:: SUPPLIED DATA ::
------------------------------
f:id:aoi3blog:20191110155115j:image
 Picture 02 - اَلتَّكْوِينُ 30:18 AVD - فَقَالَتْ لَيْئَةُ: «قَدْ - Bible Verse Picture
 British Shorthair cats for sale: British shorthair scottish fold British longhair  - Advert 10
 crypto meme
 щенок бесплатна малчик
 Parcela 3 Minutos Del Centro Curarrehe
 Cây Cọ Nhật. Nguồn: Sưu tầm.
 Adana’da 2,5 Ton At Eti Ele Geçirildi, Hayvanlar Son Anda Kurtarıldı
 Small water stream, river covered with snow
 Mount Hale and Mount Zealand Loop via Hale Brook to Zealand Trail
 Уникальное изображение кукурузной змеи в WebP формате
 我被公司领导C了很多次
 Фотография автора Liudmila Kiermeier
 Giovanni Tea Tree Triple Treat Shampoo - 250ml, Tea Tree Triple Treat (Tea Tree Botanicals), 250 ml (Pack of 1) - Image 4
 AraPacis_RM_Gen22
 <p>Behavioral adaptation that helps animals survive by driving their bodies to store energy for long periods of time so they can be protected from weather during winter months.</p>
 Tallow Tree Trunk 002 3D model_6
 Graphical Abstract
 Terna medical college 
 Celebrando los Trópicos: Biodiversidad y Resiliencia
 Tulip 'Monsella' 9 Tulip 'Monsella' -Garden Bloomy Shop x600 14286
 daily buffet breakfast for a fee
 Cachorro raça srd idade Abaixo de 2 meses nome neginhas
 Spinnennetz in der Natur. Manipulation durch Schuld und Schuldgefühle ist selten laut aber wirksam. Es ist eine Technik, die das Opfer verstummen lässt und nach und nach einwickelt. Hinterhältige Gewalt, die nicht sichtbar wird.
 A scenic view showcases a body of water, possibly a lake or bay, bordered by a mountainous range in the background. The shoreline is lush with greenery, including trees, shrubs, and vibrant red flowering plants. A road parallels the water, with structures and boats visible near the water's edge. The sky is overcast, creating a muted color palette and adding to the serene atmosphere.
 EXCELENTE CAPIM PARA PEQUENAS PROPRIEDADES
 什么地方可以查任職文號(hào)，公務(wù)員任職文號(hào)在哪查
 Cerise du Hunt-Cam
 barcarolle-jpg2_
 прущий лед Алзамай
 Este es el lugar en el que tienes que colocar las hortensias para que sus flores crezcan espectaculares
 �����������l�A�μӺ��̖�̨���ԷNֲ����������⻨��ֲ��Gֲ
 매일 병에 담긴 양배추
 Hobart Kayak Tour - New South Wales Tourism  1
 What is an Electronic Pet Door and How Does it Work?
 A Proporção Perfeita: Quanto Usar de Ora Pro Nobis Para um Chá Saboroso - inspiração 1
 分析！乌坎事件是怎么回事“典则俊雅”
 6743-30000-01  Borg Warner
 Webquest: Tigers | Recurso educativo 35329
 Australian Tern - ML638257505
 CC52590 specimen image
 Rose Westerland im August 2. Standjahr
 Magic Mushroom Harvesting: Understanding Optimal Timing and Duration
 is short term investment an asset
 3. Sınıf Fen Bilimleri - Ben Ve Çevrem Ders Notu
------------------------------
:: TASK TO COMPLETE ::
Report all lines in the listing above that contain the word "with".

:: YOUR SOLUTION ::
 Small water stream, river covered with snow
 A scenic view showcases a body of water, possibly a lake or bay, bordered by a mountainous range in the background. The shoreline is lush with greenery, including trees, shrubs, and vibrant red flowering plants. A road parallels the water, with structures and boats visible near the water's edge. The sky is overcast, creating a muted color palette and adding to the serene atmosphere.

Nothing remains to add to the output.